When displaying complex numbers, TREB uses an italic character `𝑖` (mathematical italic small i, unicode U+1D456). We believe this character is available in the default fonts on all platforms we support. If necessary, you can change this character using a run-time option.

Generally speaking we try to render complex numbers in the simplest possible way.

If a complex value has no imaginary value (or if it would render as `0` in the current number format), when displaying the value we will omit the imaginary component. The same goes for the real component, if there is an imaginary component. So complex numbers may render as

• `3.2`
• `2𝑖`
• `0.00`

Number formatting is not well defined for complex numbers. At the moment, we use the currently selected number format and apply it to both the real and imaginary components.

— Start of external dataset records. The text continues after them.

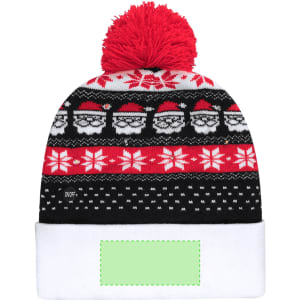 A black and red Christmas hat with a pom-pom, featuring festive patterns and a white brim. It has a logo.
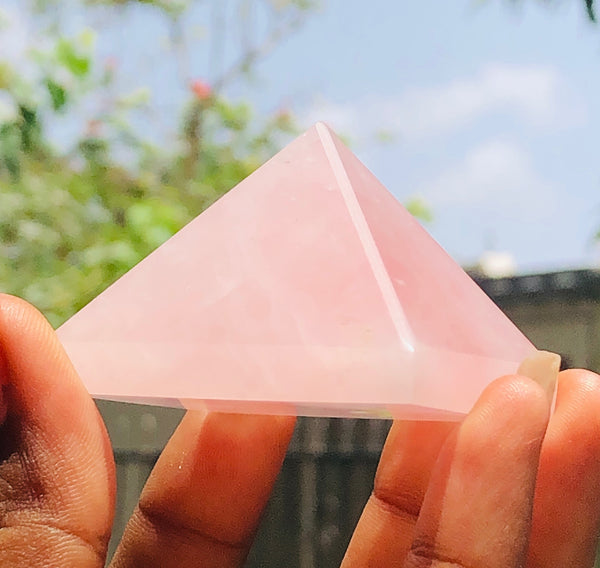 Radiant 428.00 Cts Exclusive Rose Quartz Healing Crystal Specimen Premium Pyramid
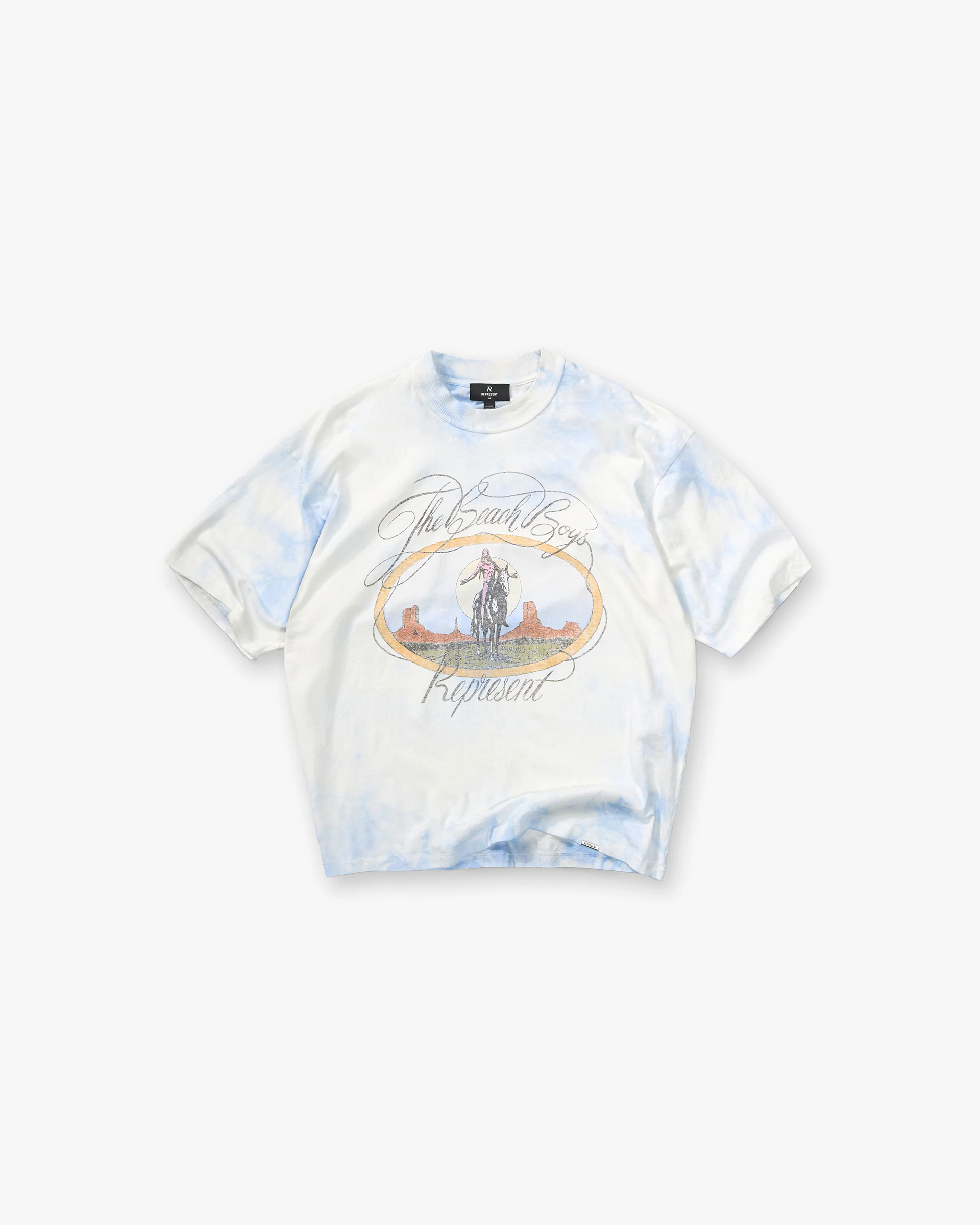 Represent x Beach Boys Script T-Shirt - Blue Tie Dye
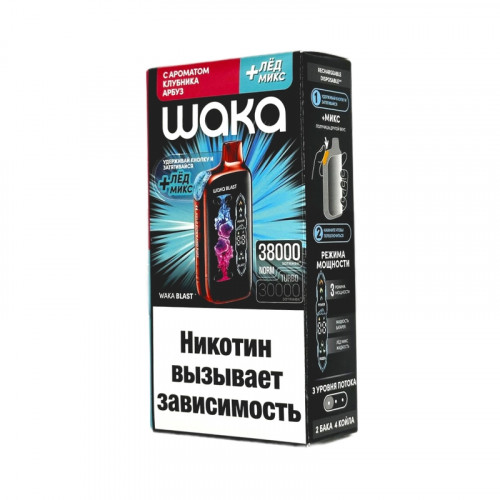 WAKA BLAST 38000 Hard - Клубника арбуз + лед микс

We recommend that you use only basic number formats like “General” or “Number”. Fractional number formats also work well. Increasing or decreasing the decimal (or fractional) precision works as expected.

TREB only displays complex numbers in rectangular form, but you can use the `Abs` and `Arg` functions to get components for the polar form.

## Import & Export

We don’t (for now) supporing importing or exporting complex numbers in XLSX files. The XLSX format doesn’t have a complex type. Excel has a number of functions that work with complex numbers, but the actual values they use are strings.

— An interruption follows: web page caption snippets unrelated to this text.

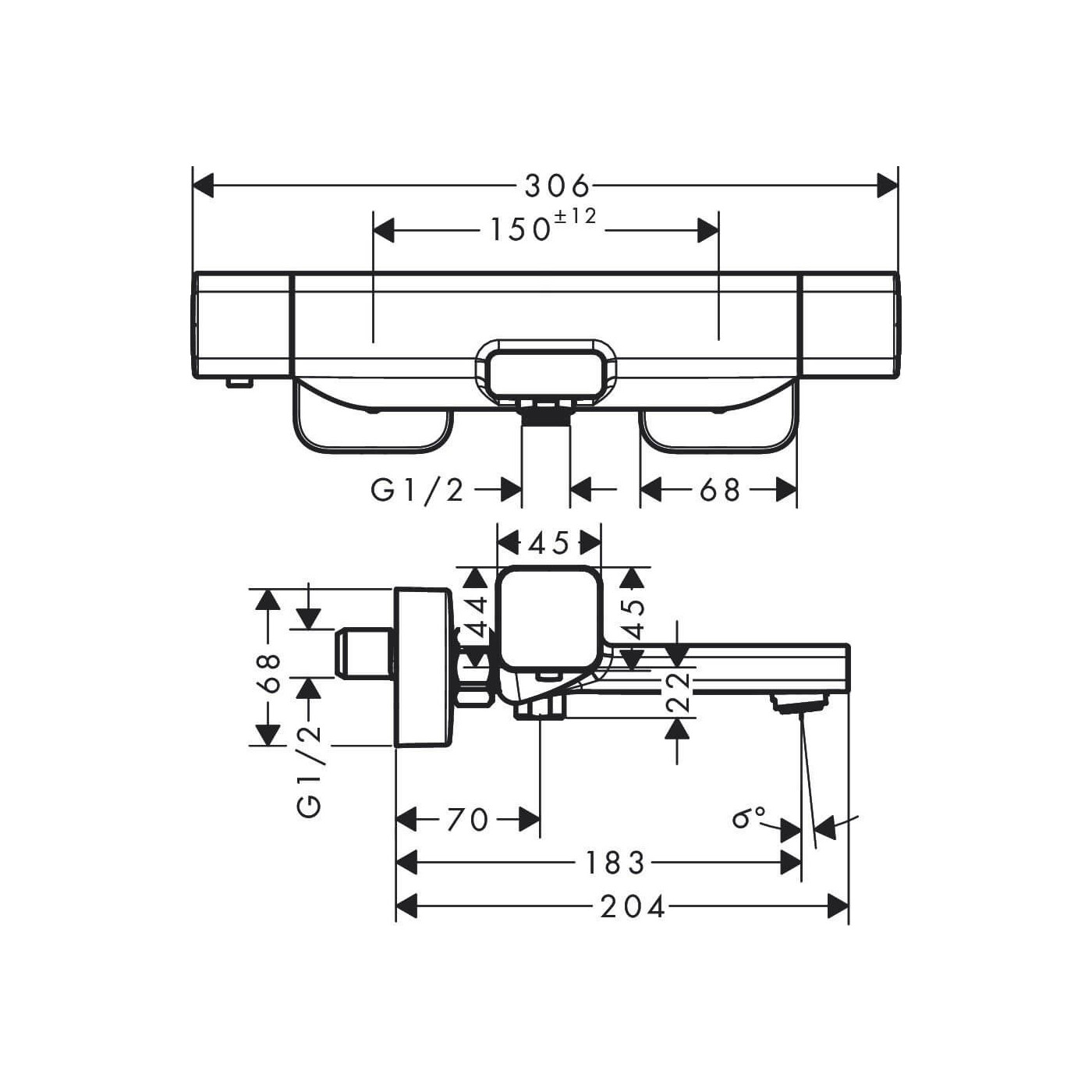 Bateria Wannowa Termostatyczna Ecostat E 15774000 Hansgrohe Bateria Wannowa Termostatyczna Ecostat E 15774000 Hansgrohe
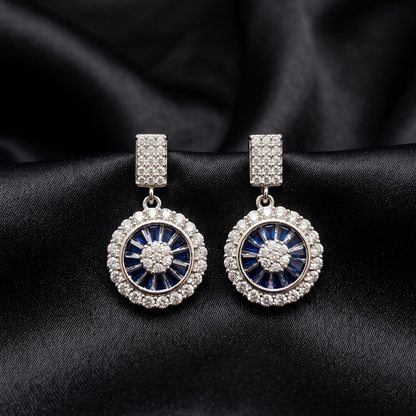 Silver Crystal Medallion Drop Earrings with Blue Stones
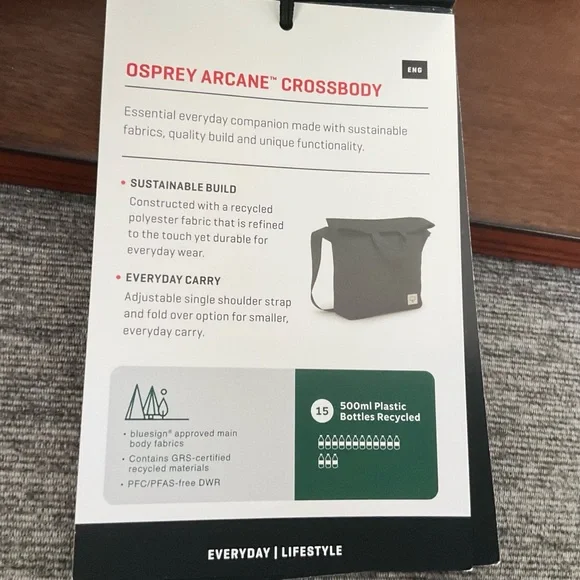 NWT Osprey Arcane 12L Tote Bag in Stonewash Black - Picture 11 of 12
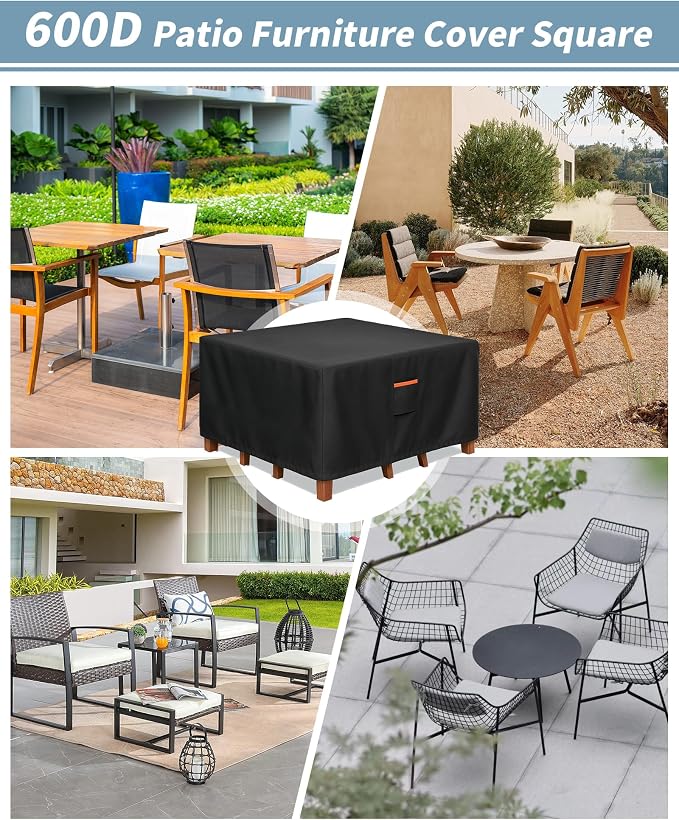 Outdoor Waterproof Furniture Cover, 74W x 74L x 28H inches Heavy Duty 600D - Image 7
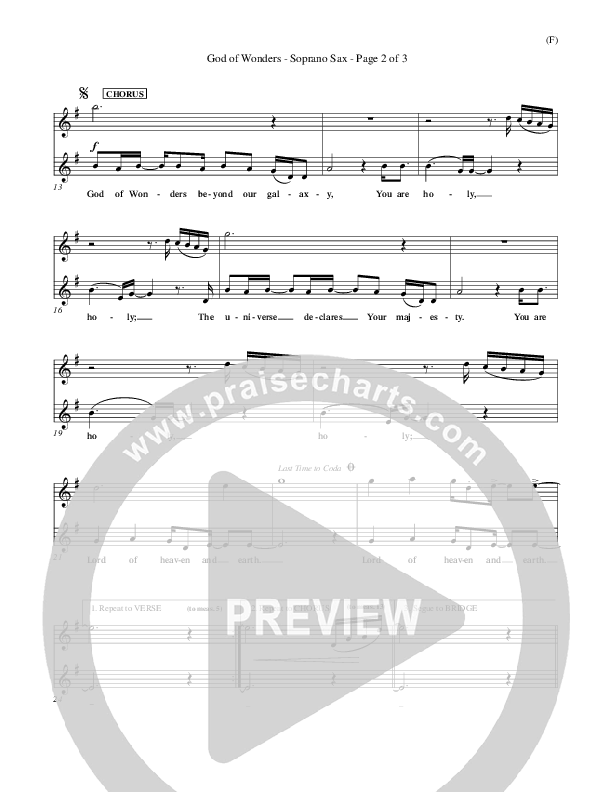 God Of Wonders Bari Sax (Mark Byrd)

For the time being, we’re just punting on this issue, but we are open to suggestions.

## Functions and Operators

The following functions and operators support complex numbers:

• - (negation)

#### Binary operators

• - (subtraction)
• / (division)
• * (multiplication)
• ^ (exponentiation) (see note)

#### Equalities

• = (equality)
• <> (inequality)

#### Functions specifically written for complex numbers

• ComplexLog - the complex Log function
• Arg - returns the principal argument of a complex number
• Real - returns the real component of a complex number
• Imaginary - returns the coefficient of the imaginary component
• Conjugate - returns the complex conjugate
• Complex - treats real values as complex for function purposes (see note)

#### Functions updated to support complex arguments

• Exp
• Abs
• Sum
• MMult
• MInverse
• MDeterm
• Power (see note)
• Sqrt (see note)

## Note

Most people aren’t expecting imaginary numbers to pop up in their spreadsheets. Typically, the function `=SQRT(-1)` would return an error (Not a Number, or #NaN). The same applies to the `POWER` function and the exponentiation operator `^`.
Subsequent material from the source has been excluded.